Dalam sebuah wawancara dengan program televisi NBC "Nightly News", Trump mengakui adanya pelajaran berharga dari situasi di Minneapolis, kota terbesar di Minnesota. "Saya belajar bahwa mungkin kita bisa menggunakan pendekatan yang sedikit lebih lunak. Namun, Anda tetap harus tegas," ujar Trump, mengindikasikan adanya ruang untuk adaptasi dalam penegakan hukum imigrasi.

Kemarahan publik AS memuncak setelah penembakan fatal yang menewaskan dua warga sipil oleh agen imigrasi federal di Minneapolis bulan lalu. Insiden ini memicu seruan luas untuk mengakhiri operasi imigrasi di kota tersebut, menekan pemerintahan Trump untuk meninjau kembali strateginya.
Menanggapi tekanan tersebut, Kepala Otoritas Perbatasan dalam pemerintahan Trump, Tom Homan, mengumumkan pada Rabu, 4 Februari, penarikan 700 agen imigrasi federal AS dari Minnesota. Langkah ini, yang disebutnya berlaku "segera", diklaim sebagai hasil peningkatan kerja sama dengan otoritas lokal.
Meski demikian, Homan juga menegaskan bahwa pengerahan kontroversial yang menuai banyak kritikan itu belum sepenuhnya berakhir. Sekitar 2.000 agen imigrasi lainnya masih akan tetap berada di negara bagian tersebut. Lebih lanjut, Homan secara tegas menyatakan bahwa program deportasi massal bagi migran ilegal, yang marak selama periode kedua pemerintahan Trump, akan terus berlanjut tanpa henti. "Deportasi massal ada di sini, akan dilakukan, kita sudah memecahkan rekor, dan kita tidak akan berhenti," tegas Homan dalam wawancara dengan Fox News.

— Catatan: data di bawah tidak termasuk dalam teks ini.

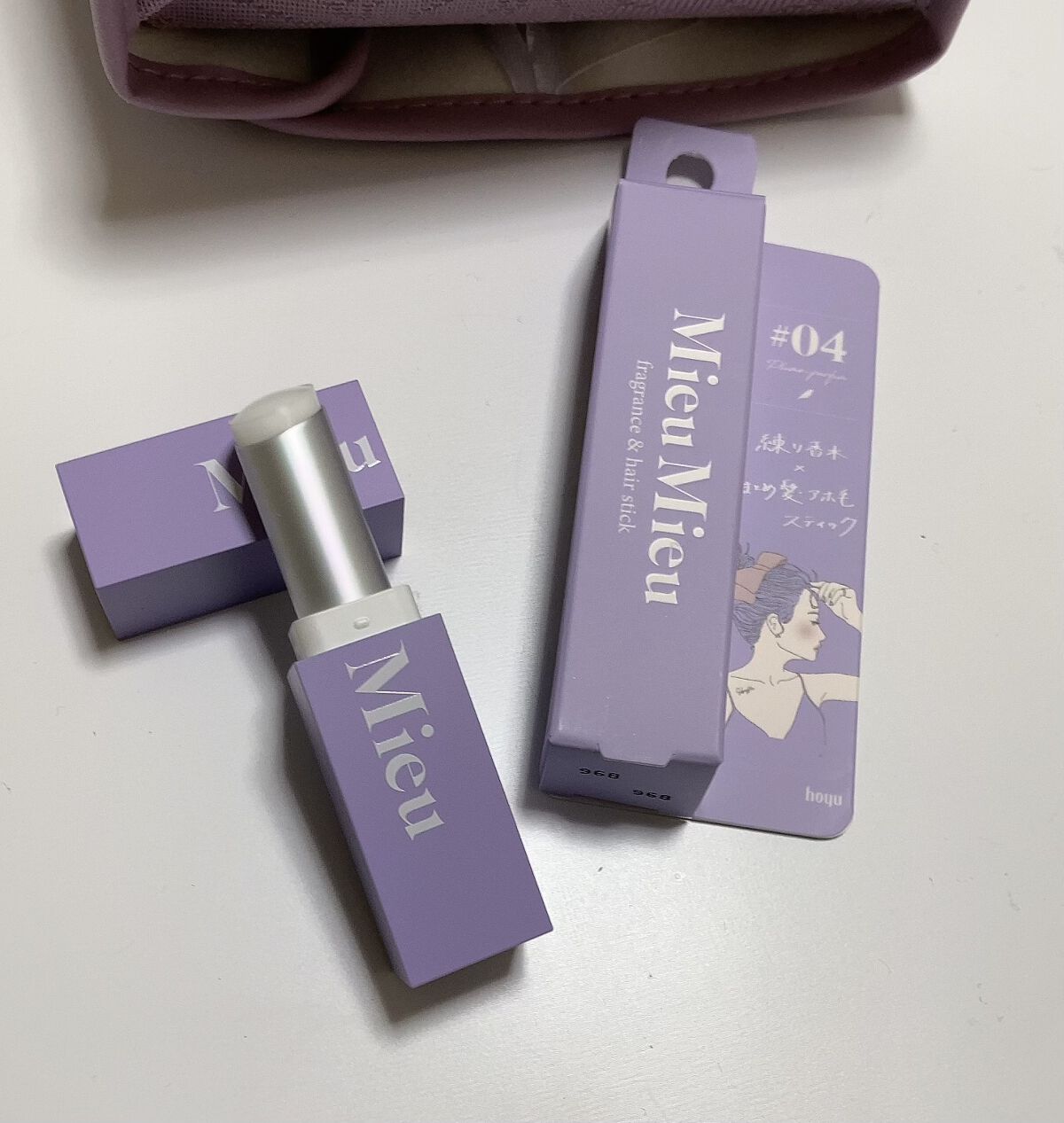 エスティック 04 プルームパルファム(Plume-parfum)/MieuMieu/ヘアバームを使ったクチコミ（1枚目）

Menjelaskan keputusan penarikan sebagian agen, Homan menguraikan pergeseran taktis. Ia menyatakan bahwa saat ini "lebih banyak petugas yang mengambil alih penahanan para migran ilegal, yang melakukan tindak kriminal, langsung dari penjara", sebuah pendekatan yang membutuhkan lebih sedikit personel dibandingkan penangkapan di jalanan.
Homan, yang diutus langsung oleh Presiden Trump untuk mengawasi penindakan di Minneapolis, menegaskan komitmennya untuk tidak meninggalkan kota tersebut "sampai kita menyelesaikan semuanya". Ia juga mempertegas visi Presiden Trump: "Presiden Trump sepenuhnya bermaksud melakukan deportasi massal selama pemerintahan ini, dan tindakan penegakan hukum imigrasi akan terus berlanjut setiap hari di seluruh negeri ini," pungkasnya.
Penarikan ratusan agen imigrasi ini disambut baik oleh para pemimpin lokal. Wali Kota Minneapolis Jacob Frey dan Gubernur Minnesota Tim Walz, keduanya dari Partai Demokrat, menyebutnya sebagai "langkah ke arah yang benar". Namun, mereka juga secara serentak menyerukan agar pemerintah Trump segera mengakhiri seluruh operasi imigrasi di wilayah tersebut, menunjukkan bahwa tuntutan publik belum sepenuhnya terpenuhi.